• [Brief] Write out the lines of the material below exactly, beginning at the line with "emil kajan business card" and stopping after the line with "Two antique mahogany", and leave out the pictures.

• [Dataset excerpts]
------

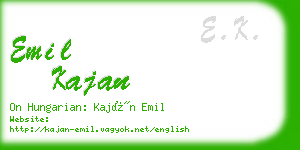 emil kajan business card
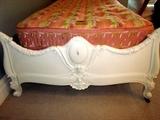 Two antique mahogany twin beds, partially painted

------

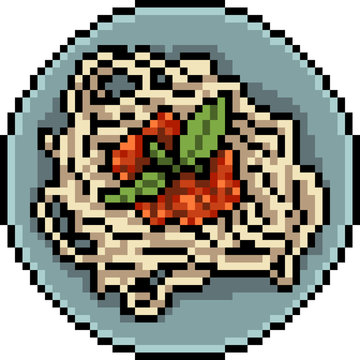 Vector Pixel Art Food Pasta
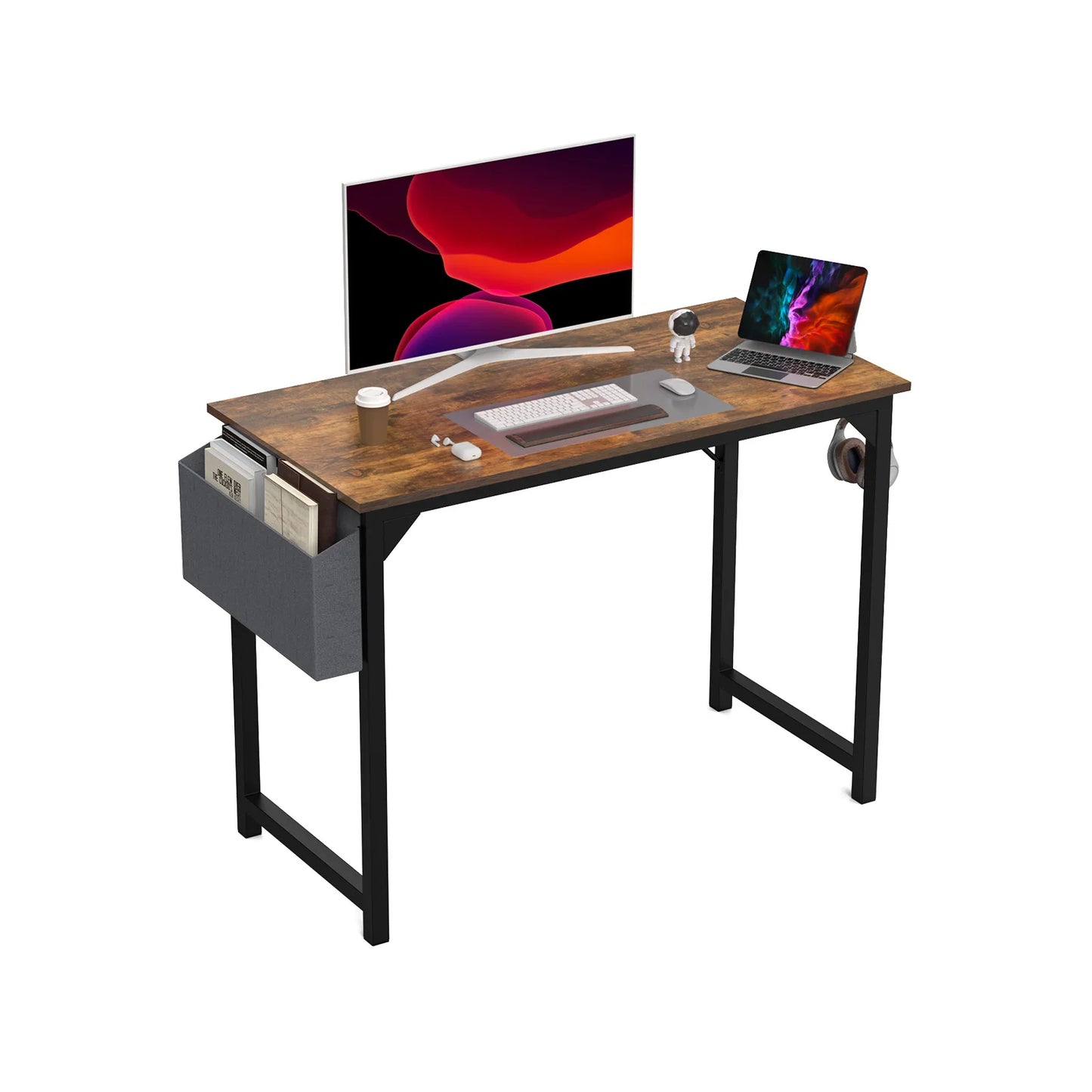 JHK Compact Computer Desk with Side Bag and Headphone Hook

------

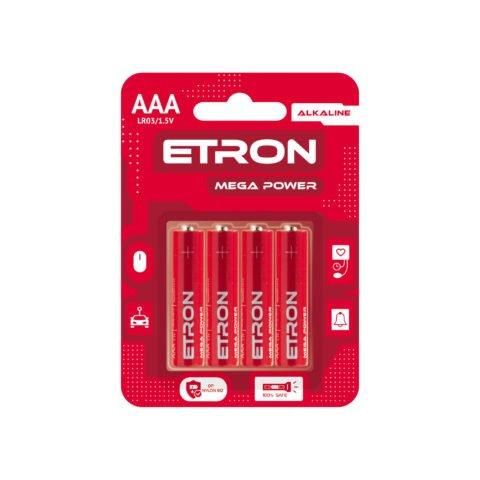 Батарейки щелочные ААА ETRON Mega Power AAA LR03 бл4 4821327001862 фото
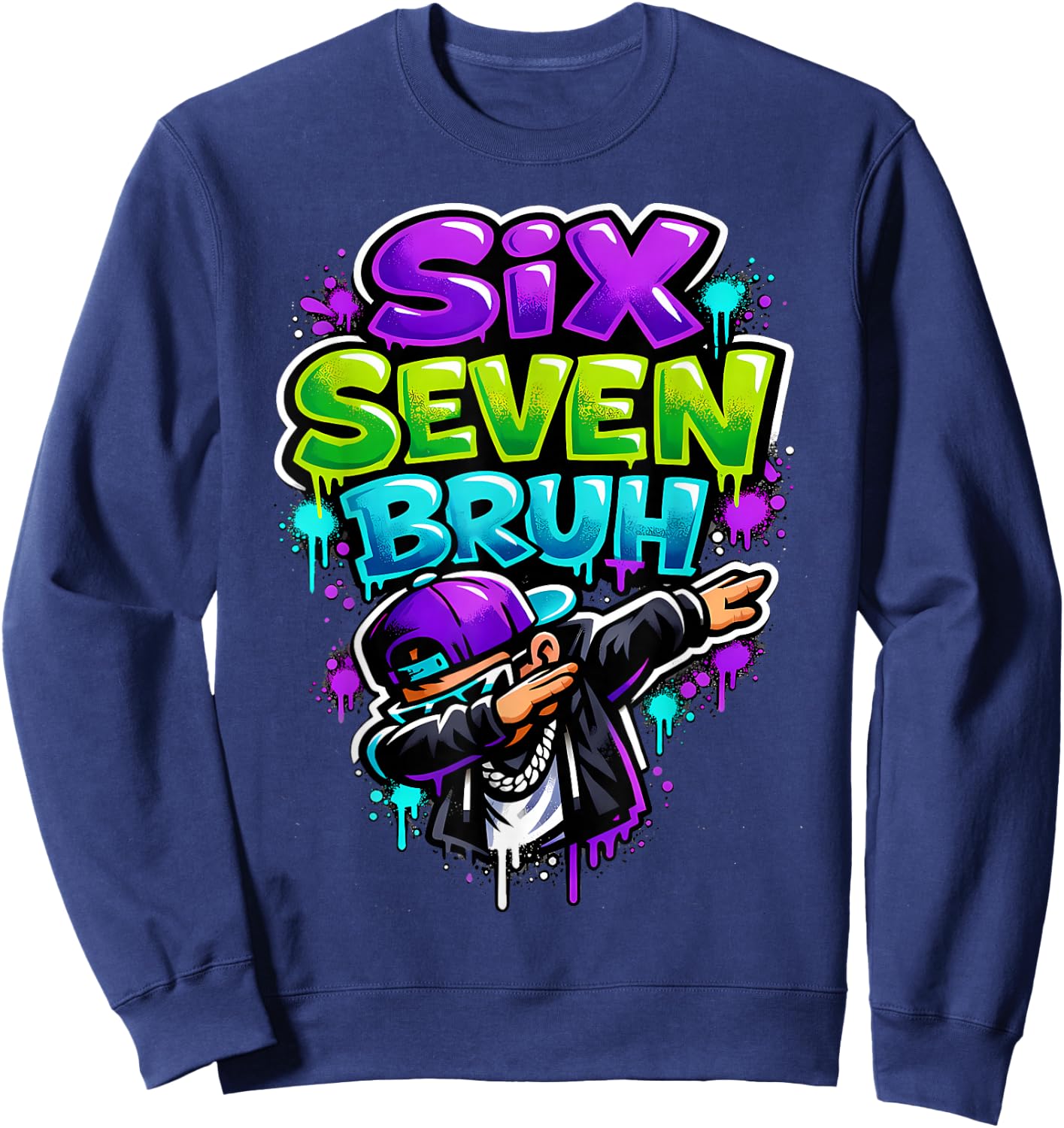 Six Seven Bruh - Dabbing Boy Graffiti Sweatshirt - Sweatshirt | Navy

------

• [Completed task]
 emil kajan business card
 Two antique mahogany twin beds, partially painted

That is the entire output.